After this process, the mold (<NUM>) is taken to a cooling tunnel (not shown) and cooled down to <NUM>. The cooled and hardened shell (<NUM>) is taken out of the mold (<NUM>) by pushing from the bottom of the cavity (<NUM>) with the pushing means (not shown) provided in the pusher channel (<NUM>).

Claim 1:
A confectionery production method comprising the steps of:
a) providing a plastic caramel mass (<NUM>) to a base (<NUM>) of a cup shaped rigid cavity (<NUM>) of a mold (<NUM>),
b) forming a caramel shell (<NUM>) by at least partially plastering the caramel mass (<NUM>) to inner wall by means of forming a depression with a pressure tip (<NUM>) of the first core (<NUM>) penetrating into the cavity (<NUM>),
c) drilling the caramel mass (<NUM>) from a base part (<NUM>) by means of a carving rod (<NUM>) penetrating the cavity (<NUM>) subsequent to depression forming step such that pressing to the depression (<NUM>) from above with an end portion (<NUM>) to reduce thickness of the wall,
d) pressing to the caramel shell (<NUM>) to confine the upper edge by means of a peripheral flange (<NUM>) of the second core (<NUM>) by partial penetration forming a space at the inner edge (<NUM>),
e) forming another depression (<NUM>) at the center of the base part (<NUM>) at a trimming mold (<NUM>) by means of a protrusion (<NUM>) arranged at the lower end of the second core (<NUM>)

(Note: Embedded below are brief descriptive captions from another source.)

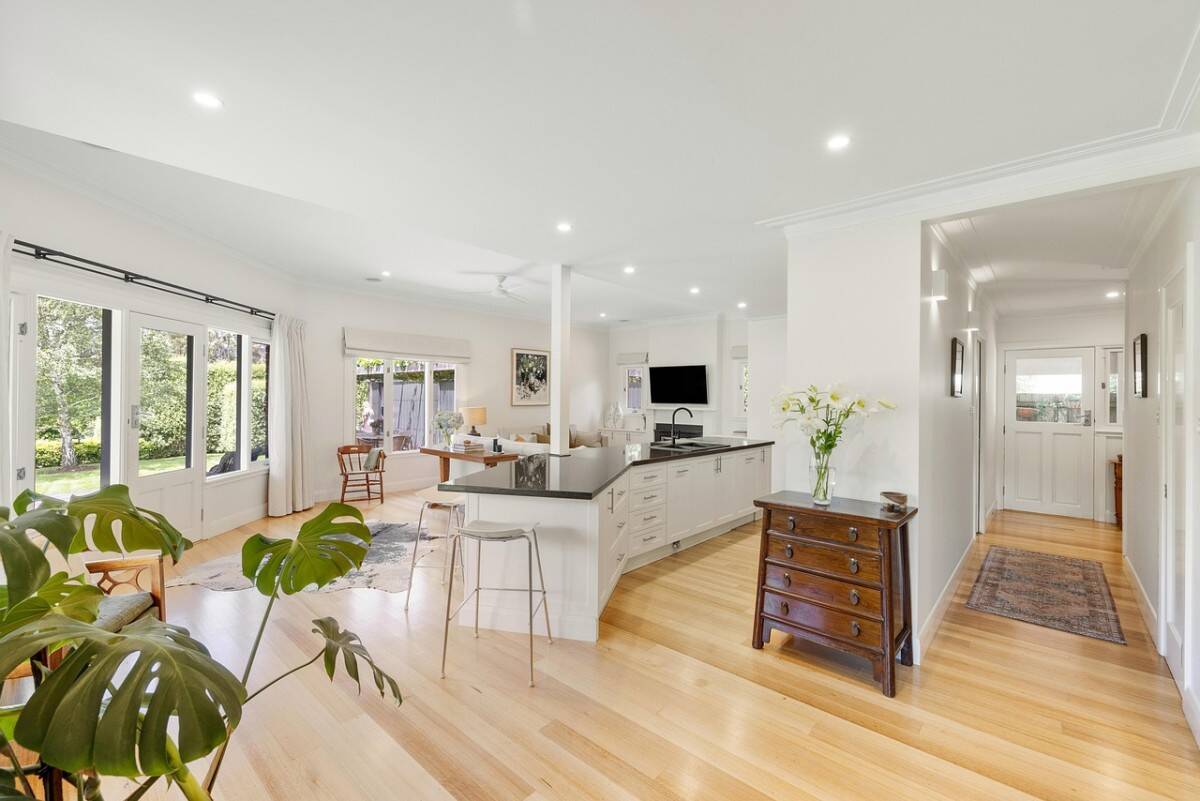 Thumbnail-Westdeutsche Unternehmerfamilie sucht Wohnung zum Kauf in Hamburg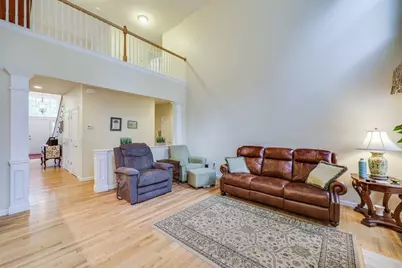 17 Maplewood, Plymouth, MA 02360 - Photo 21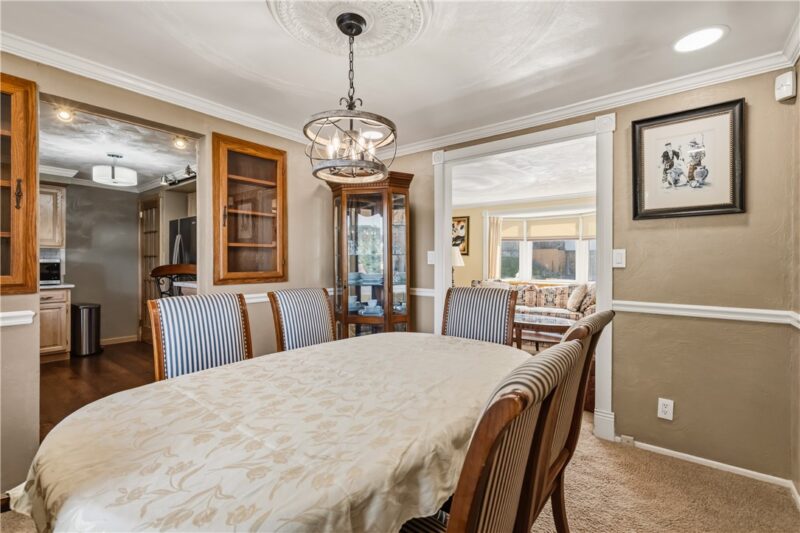 127 Selvin Dr — photo 8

f) a conical trimming mold (<NUM>) entering the cavity (<NUM>) from the top and being seated in upper opening (<NUM>) of the caramel shell (<NUM>) forming a tapered edge (<NUM>) towards the upper opening (<NUM>) provided at an outer periphery,
g) providing a whole nut (<NUM>) in the lower part (<NUM>) aligned with the depression (<NUM>), and
h) filling inside the cavity (<NUM>) of the caramel shell (<NUM>) with a filler (<NUM>).